Add the sugar and water to the pot. Melt the sugar over a medium heat, then lower the meat to low and boil gently uncovered, for about 30 minutes, until the syrup is reduced by half and looks glossy and viscose. Push the pith off the skewers and discard the skewers. The pith pieces will stay rolled up.
Have ready 2 sterilized half-pint jars and bands, and new lids that have been simmered in hot water to soften the rubberized flange (or 1 pint jar—the processing time remains the same).
To sterilize the jars and bands, boil them in water for 10 minutes (at sea level; see below for altitude adjustments). Pack in the pith and cover with syrup, leaving about 1/4 inch of headroom at the top of each jar. Wipe the rims, place on the lids, and screw on the bands fingertip tight. Place the jars in a deep pot with a rack so the water can circulate around the jars. The pot must be deep enough to cover the jars with 2 inches of water and then still have an additional couple of inches so the boiling water doesn’t erupt all over your stove. Cover the jars with hot tap water and bring the water to a boil over high heat. Boil the jars for the prescribed amount of time. Process the jars for 5 minutes (see below for altitude adjustments). Boiling water, whether it is boiling violently or mellowly, is still boiling at the same temperature, so you can reduce the heat as long as the water continues to boil. If at any time the water is no longer covering the jars, add additional boiling water. If the water stops boiling at any time, you need to bring the water back up to a boil and start your timing over from the beginning. Turn off the heat and let the jars rest in the water for about 5 minutes. Remove the jars and place them on a towel or rack.

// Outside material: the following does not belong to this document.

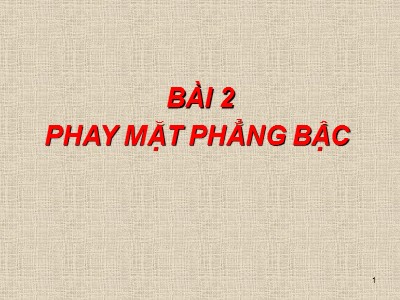 Bài giảng Phay chuyên ngành - Bài 2: Phay mặt phẳng bậc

Allow the jars to rest untouched for 12 to 24 hours. The cooling stage in water bath processing is important because the rubber seal will be soft coming out of the water bath and needs to stiffen to complete the seal. Once cool, check the seals. You can check a seal by unscrewing the band and lifting the jar by the edges of the lid. If you can lift the jar, the seal is good. If the lid comes off, the seal has failed and you must refrigerate and eat the product, or reprocess the jars with new lids following the same procedure. Label the jars and store them in a cool dark place for up to a year. You do not need to store the jars with the bands on. Refrigerate after opening.
To sterilize jars: For every 1,000 feet in altitude, boil an additional 1 minute (it takes 10 minutes at sea level).
For water bath canning: If the processing time at sea level is 20 minutes or less, add 1 minute of processing time for each 1,000 feet above sea level: add 2 minutes for every 1,000 feet if the processing time is more than 20 minutes. If you live at 3,500 feet, round up to 4,000.